British noble (died 1780)

Lady Catherine Pelham (also spelt as Katherine; 1700 or 1701 – 18 February 1780) was a British noble and the wife of the Prime Minister Henry Pelham. She used her position to broker positions within that administration and the following one.

==Life==
Pelham was born in 1700 or 1701 and her parents were Catherine (née Russell) and John Manners, 2nd Duke of Rutland.

She had a dowry that was either £10,000 or £30,000 and she was from an important aristocratic family. Her maternal uncle was Wriothesley Russell, 2nd Duke of Bedford.

She married Henry Pelham who was the secretary of war in Sir Robert Walpole's government at St James, Westminster, London.

November 1739 was a bad month when she and Henry had two of their sons die within days of each other of what is now thought to be diphtheria. They had already lost a daughter and within months they lost another. Of their eight children only four daughters survived their childhood.

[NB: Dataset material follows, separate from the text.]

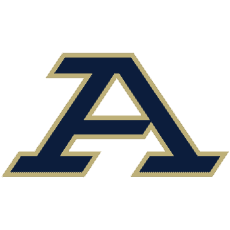 Akron Zips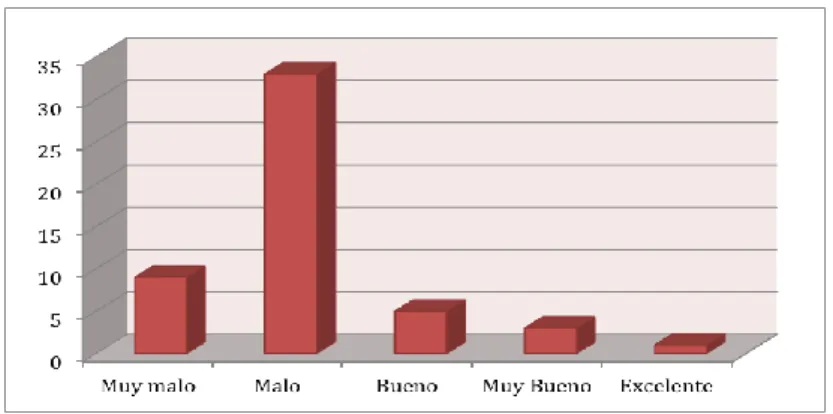 Gráfico N.- 4.2  Cumplimiento de políticas en procesos de crédito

Her skills were in correspondence and in manipulating the attainment and distribution of patronage. She would plan ahead to see which positions were likely to become vacant and she would plan who was to receive the vacancy. Her unmarried daughters took positions and she became the Ranger of Greenwich Park in 1745. One of her achievements was to get John Roberts to be the candidate for the Harwich constituency. She had identified a vacancy and she had Prime Minister Newcastle's commitment that Roberts would be assigned the seat. However, in 1761, there was a new King and George III had his own mind for a candidate, Charles Townshend. It is a measure of Catherine's character that Newcastle could not decide who to please and who to disappoint. His solution was ingenious. There was one vacancy but Harwich returned two candidates. Newcastle persuaded the sitting candidate at Harwich, Thomas Sewell to move to Exeter so that he could then install both Catherine's and the King's candidate in Harwich. She died on 18 February 1780.

==Daughters==
Of her four daughters, Frances who was born in 1728 and Mary who was born in 1739, died unmarried. Her daughter Catherine (1727–1760) became Catherine Pelham-Clinton, Countess of Clinton, when she married Henry Clinton, 9th Earl of Lincoln in 1744. Henry, by this marriage, would in time become the 2nd Duke of Newcastle-under-Lyme. Her fourth daughter Grace (1735–1777) became Grace Watson, Baroness Sondes when she married Hon. Lewis Watson in 1752. In 1760, Lewis was created Baron Sondes.